Las leyes actuales no establecen limitaciones en las pequeñas explotaciones agrícolas, siempre que los niños dispongan del permiso de sus progenitores o tutores. Las grandes empresas, por su parte, pueden contratar a mayores de 12 años fuera del horario escolar. Y a partir de los 14 ya no existen restricciones de ningún tipo, ni siquiera es necesaria una autorización paterna. La laxitud contrasta con el resto de sectores de la economía estadounidense, donde la edad mínima para trabajar son los 16 años, con excepciones muy concretas como la de los actores de cine.

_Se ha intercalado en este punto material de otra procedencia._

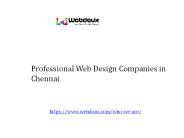 Professional Web Design Companies in Chennai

Los activistas, apoyados por varios miembros del Congreso, exigen un cambio en la legislación que acabe con esta “excepción agrícola”, arraigada de cierta manera en la “psique” americana de defensa de las libertades, la propiedad privada y el culto al trabajo. Enfrentan además la oposición de las grandes compañías, de pequeños y medianos propietarios de granjas y de muchas de las propias familias inmigrantes. “Los niños trabajan en su mayoría porque la familia lo necesita, porque no hay más remedio. Sus padres estarían encantados de tener dinero para sacarlos de esta situación, pero para muchos es una cuestión de supervivencia”, recuerda Flores.

Un negocio inviable sin menores y “sin papeles”

Los granjeros y propietarios que defienden el trabajo infantil también hablan de supervivencia. Si no fuese por el trabajo de los “sin papeles” y de los menores, dicen, su negocio sería inviable y tendrían que vender sus tierras y dedicarse a otra cosa. La solución que proponen organizaciones y economistas pasa por elevar el precio final, tirando hacia arriba los salarios de los trabajadores agrícolas: los peor pagados de la economía americana y, en su mayoría, desprovistos además de sanidad y seguros sociales (8.000 euros anuales brutos de media en Carolina del Norte, según la Farmer Advocacy Network).

Un estudio de Philip Martin, economista de la Universidad de California, refleja que un incremento salarial del 40% (lo suficiente para poder mantener a la familia sin que los niños trabajen) no tendría apenas impacto para los consumidores americanos, ya que el gasto en frutas y verduras crecería tan sólo en unos 15 dólares anuales de media por unidad familiar. Y es que, por cada dólar que ganan las compañías agrícolas vendiendo a los distribuidores, los trabajadores sólo reciben seis céntimos, un 6%.